とてもレアなケースだった事は事実ですが、とにかくこれは私のミス。
思い込みと調査不足で、施主のKさん・Tさんにはご迷惑をかけてしまいました。

もともと、100%の容積率を目一杯使いきって、
それでもいろんな所で妥協が必要だったのに、さらに9㎡削られる。
一度は、もう希望を全て叶えてあげることは無理かもしれない・・・と落ち込みました。

でも、答えはちゃんとあったんです。
敷地の形や条件が若干変わった効果は大きいけれど、
小さくなったにも関わらず、以前に比べて格段に良くなりました。

完全分離・長屋形式の二世帯住宅。
延床面積30坪の中に、水廻りも2つずつ(トイレは計4個!)、階段ももちろん2つ。
そして、各個室が5部屋あって、LDKも2世帯分。
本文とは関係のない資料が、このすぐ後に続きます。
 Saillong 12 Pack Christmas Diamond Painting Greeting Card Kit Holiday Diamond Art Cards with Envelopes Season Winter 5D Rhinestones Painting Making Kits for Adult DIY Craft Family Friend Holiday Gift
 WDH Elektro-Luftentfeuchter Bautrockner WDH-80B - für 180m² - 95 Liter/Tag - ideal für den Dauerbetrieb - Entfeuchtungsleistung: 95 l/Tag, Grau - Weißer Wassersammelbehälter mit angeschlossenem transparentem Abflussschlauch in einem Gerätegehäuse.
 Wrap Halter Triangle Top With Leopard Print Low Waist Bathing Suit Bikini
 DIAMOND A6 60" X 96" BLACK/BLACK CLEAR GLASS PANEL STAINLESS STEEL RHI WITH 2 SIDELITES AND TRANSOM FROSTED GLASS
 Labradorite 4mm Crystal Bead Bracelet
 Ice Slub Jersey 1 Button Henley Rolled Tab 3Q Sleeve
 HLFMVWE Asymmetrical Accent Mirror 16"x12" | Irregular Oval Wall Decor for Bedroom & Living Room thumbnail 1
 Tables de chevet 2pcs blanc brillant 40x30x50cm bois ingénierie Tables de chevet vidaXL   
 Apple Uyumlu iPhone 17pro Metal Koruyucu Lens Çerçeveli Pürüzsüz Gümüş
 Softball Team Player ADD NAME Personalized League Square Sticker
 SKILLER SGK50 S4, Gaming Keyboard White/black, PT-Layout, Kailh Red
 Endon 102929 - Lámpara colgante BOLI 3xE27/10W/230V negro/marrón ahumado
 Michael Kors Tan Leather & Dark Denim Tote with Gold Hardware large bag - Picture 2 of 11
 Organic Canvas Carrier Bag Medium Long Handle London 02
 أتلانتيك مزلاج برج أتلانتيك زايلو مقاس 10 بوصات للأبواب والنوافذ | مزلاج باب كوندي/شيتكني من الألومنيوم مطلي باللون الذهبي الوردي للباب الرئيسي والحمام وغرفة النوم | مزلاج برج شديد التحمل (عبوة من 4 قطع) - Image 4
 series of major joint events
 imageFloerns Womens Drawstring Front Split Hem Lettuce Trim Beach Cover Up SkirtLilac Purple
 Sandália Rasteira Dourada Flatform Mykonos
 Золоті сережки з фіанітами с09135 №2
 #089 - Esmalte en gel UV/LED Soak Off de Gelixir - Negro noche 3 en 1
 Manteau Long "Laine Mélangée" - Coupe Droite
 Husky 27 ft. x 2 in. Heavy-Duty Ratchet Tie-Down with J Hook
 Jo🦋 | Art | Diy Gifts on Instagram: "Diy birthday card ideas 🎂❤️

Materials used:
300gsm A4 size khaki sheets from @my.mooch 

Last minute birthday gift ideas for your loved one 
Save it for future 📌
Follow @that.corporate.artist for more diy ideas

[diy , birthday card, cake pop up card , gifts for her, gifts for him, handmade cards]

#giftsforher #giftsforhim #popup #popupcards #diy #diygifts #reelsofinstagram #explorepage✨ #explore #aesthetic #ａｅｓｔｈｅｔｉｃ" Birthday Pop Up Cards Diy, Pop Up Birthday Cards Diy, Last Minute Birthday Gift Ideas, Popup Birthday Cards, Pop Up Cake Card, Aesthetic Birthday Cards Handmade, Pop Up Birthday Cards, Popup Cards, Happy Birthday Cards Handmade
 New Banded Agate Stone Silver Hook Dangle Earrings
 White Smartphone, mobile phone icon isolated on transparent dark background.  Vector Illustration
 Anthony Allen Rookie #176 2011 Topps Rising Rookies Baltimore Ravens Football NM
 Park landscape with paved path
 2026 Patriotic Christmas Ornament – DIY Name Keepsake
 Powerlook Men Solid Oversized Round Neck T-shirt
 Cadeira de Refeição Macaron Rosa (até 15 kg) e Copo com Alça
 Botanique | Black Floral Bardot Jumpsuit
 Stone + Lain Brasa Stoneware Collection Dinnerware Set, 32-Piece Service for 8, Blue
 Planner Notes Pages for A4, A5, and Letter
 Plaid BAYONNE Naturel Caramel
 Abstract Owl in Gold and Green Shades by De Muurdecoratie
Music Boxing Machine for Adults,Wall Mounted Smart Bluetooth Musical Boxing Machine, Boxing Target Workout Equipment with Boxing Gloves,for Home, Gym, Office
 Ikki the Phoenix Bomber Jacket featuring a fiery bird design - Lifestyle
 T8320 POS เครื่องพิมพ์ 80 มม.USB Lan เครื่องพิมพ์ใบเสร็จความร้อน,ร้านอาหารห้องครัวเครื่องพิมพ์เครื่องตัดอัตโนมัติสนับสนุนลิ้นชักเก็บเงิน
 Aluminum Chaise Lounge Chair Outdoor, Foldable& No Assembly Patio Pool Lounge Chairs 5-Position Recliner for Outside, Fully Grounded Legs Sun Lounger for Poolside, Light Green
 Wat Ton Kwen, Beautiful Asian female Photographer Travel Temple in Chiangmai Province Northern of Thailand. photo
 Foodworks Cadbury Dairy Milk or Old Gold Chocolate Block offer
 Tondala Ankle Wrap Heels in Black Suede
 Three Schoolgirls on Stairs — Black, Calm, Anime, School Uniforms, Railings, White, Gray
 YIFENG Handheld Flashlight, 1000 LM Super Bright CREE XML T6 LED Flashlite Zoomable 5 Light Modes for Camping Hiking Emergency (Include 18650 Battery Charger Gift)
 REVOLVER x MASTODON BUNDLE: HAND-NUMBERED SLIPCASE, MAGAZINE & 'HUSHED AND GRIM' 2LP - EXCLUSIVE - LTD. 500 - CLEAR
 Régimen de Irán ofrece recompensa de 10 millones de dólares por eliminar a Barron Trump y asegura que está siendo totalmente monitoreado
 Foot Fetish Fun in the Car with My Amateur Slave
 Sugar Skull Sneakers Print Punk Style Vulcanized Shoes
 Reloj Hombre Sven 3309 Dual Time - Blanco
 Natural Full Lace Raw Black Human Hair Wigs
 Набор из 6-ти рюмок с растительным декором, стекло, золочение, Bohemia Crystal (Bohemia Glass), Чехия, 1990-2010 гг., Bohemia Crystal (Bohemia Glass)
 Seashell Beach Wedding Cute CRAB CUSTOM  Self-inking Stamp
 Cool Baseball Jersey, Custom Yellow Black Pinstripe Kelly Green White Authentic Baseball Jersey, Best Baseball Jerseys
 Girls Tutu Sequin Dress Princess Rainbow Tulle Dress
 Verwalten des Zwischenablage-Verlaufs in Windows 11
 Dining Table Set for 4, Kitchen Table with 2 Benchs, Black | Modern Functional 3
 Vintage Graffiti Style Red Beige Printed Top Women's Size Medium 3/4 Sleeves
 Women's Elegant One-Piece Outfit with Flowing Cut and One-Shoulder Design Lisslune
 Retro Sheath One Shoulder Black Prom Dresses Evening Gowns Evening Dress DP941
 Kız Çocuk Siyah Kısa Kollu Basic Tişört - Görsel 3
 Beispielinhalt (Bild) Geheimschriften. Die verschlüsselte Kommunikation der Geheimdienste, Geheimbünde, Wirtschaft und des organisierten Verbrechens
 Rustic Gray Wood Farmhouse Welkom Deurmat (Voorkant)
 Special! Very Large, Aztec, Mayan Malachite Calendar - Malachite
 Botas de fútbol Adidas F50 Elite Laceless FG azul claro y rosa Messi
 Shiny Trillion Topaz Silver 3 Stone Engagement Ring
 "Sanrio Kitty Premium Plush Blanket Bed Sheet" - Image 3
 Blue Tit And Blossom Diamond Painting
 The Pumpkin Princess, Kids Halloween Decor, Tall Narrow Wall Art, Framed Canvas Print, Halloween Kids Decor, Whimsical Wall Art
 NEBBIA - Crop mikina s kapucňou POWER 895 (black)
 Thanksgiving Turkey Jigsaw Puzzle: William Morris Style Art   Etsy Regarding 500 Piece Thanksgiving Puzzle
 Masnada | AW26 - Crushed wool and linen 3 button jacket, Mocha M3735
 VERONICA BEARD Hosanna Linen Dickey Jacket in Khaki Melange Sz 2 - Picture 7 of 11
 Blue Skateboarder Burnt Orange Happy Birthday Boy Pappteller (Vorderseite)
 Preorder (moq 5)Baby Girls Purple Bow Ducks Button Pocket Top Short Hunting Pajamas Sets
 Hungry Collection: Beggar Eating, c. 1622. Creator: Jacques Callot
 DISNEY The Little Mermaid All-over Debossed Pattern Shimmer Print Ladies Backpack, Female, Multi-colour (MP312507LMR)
玄関だけが共有です。
当然、各部屋の面積はとても小さいですが、全ての部屋が、
その数字からは到底想像できない、居心地の良い空間になりそうです。
常々、お客様に「帖数に騙されてはダメですよ」と話してきましたが、
部屋の広さは数字では表せないという事。確信になりました。

自分のミスを棚に上げるつもりは全く無いけど、
もし、最初からこの小さな敷地を与えられていたら、
おそらく、長屋形式の2世帯住宅は諦めてもらってたと思うんです。
でも、簡単には「無理」と言えない状況の中、前よりもさらに良いと思えるプランが出来たのは、
ここに至るまで積み重ねてきた打ち合わせがあったからこそ。
そして、お客様の理解があったからこそ。

今日の打合せで間取りは確定。
こんなに時間をロスさせてしまったにもかかわらず、
「完成したら嬉しくて泣いちゃうかも!」と言って喜んでくれるKさんTさん一家。
必ずや泣いてもらえるよう、精一杯頑張ります。
本当に申し訳ありませんでした。そして、ありがとうございました。

少し多忙な日々が続き、余裕無くバタバタとしていた私に、
強烈なゲンコツを落として戒めてくれた事も含め、
やっぱり神様は居るな・・・とつくづく感じた今回の出来事です。